While we wait for the Trump plan to be publicized, Congress and the Pentagon are wrestling with Trump’s decision to create a new military service, the “Space Force,” which is an idea whose time has not yet come and probably never will.

The media are, as you’d expect, totally against the idea principally because Trump is in favor of it. The New York Times, which is trying its best to achieve the level of Trump Derangement Syndrome achieved by MSNBC and CNN, came out with a sputtering editorial this past weekend which concludes that Trump’s space force will cause an arms race in space and make war in orbit a near-certainty.

After referencing interviews by the Comedy Central’s Daily Show with Trump supporters, the Times writes, “Congress is making the situation worse by ordering the Pentagon, in the 2019 defense bill, to begin work on a space-based missile interceptor that experts say is provocative, technically infeasible and prohibitively expensive.”

That made me recall immediately comic genius Stan Freberg’s commercial which demonstrated the idiocy of relying on rented experts. Over fifty years ago, Freberg dispensed forever more with that idea in a hilarious commercial which contended — showing a picture of ten solemn white-coated men, nine of Chinese ancestry and one Caucasian — that nine out of ten doctors recommended Chun King Chow Mein.

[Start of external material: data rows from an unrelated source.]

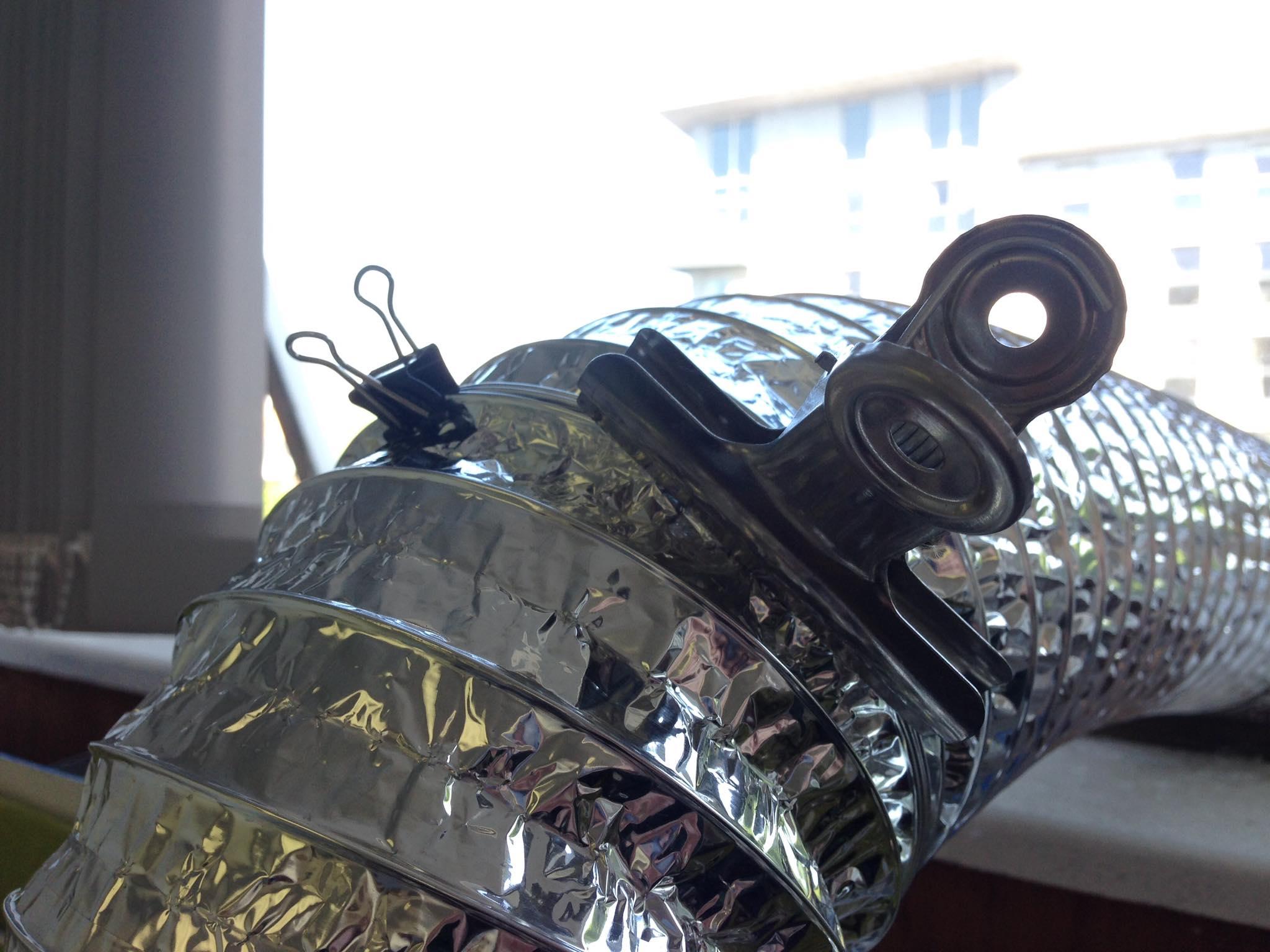 tika rasts ātrs risinajums savilkt caurumu kopā ar knaģiem līdzīgām saspraudēm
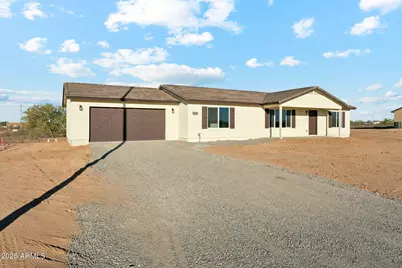 19462 W Birchwood Place, Buckeye, AZ 85326 - Photo 2
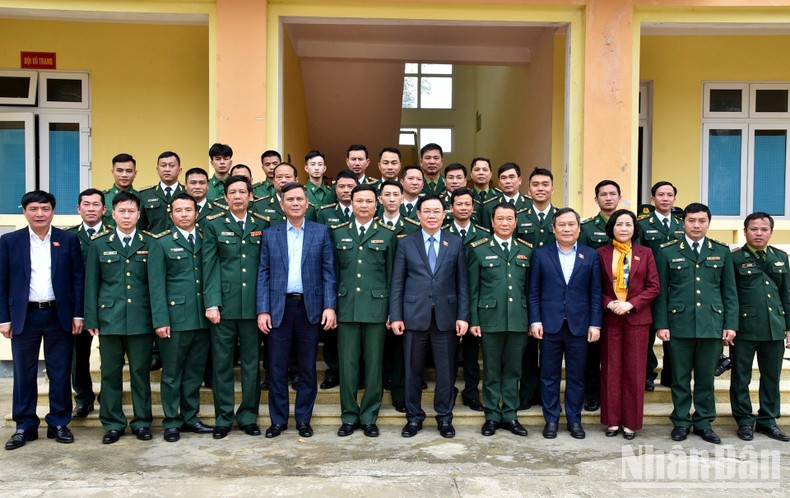 La delegación posa con los guardafronteras.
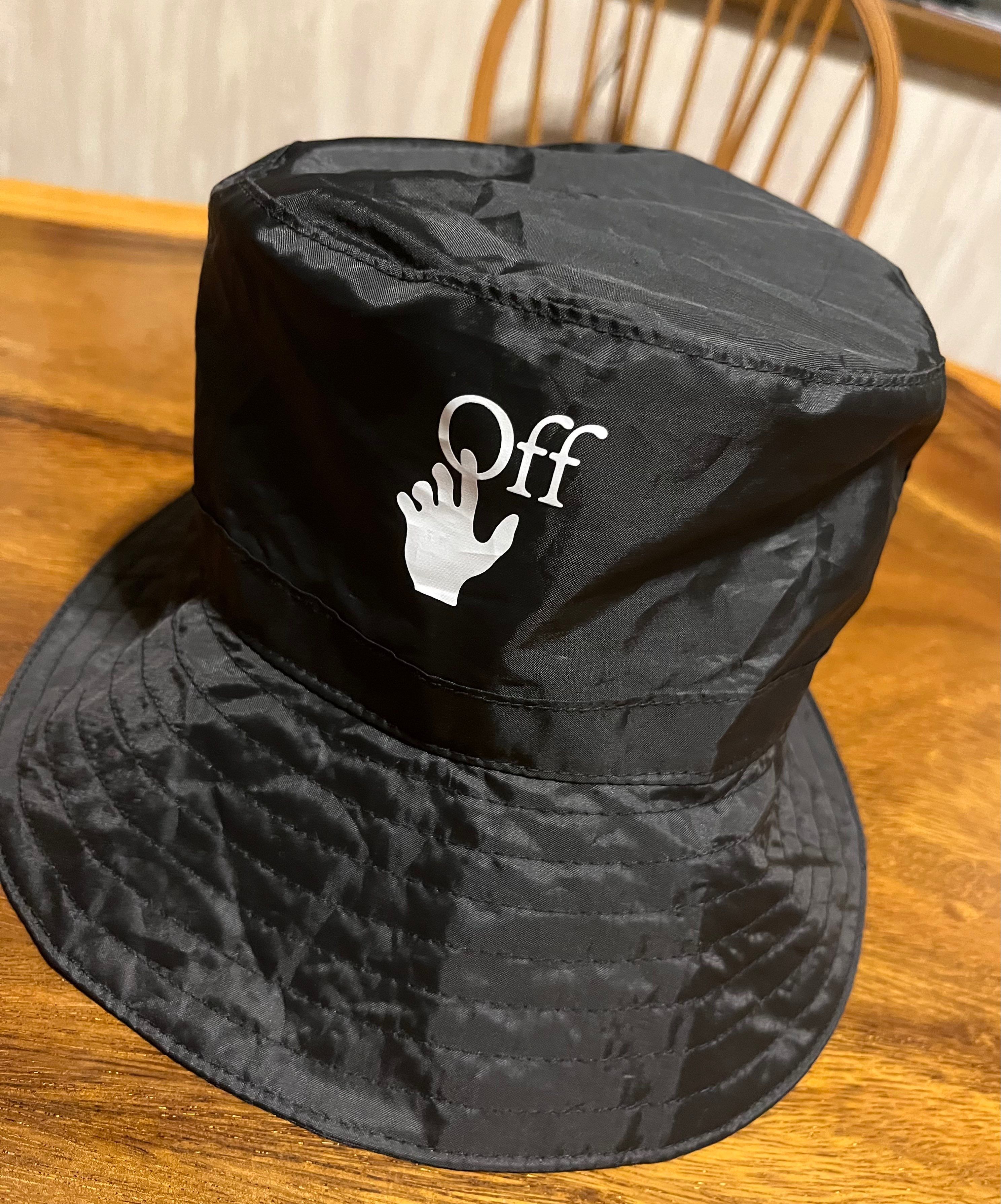 オフホワイト ナイロン バケットハット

The Times, in its anti-Trump hysteria, is comprehensively wrong about a space-based missile defense system. It is entirely practical, would be far more effective than our current systems, and would only offend possible aggressors such as North Korea, Iran, China and Russia. Just consider the physics of missile defense.

A ballistic missile, by definition, follows a ballistic arc. It is most vulnerable to interception and destruction from the instant it is launched until it reaches the top of the ballistic arc. Interception after it tips over and accelerates to its target is far more difficult.

We have, as I’ve written before, a satellite system called “SBIRS,” the space-based infra-red satellites. They detect missile launches almost instantly, classify the kind of missile, and track its trajectory. A space-based system called “Brilliant Pebbles” was proposed by President Reagan in 1983. It was practical, using technologies that existed then and would have been able to intercept as many missiles as there were defensive interceptors in space. A modern version would make our missile defenses almost proof against attack.

The opinion of the Times’ “experts” is certainly as determinative as that of Stan Freberg’s doctors who recommended Chun King Chow Mein — but less amusing.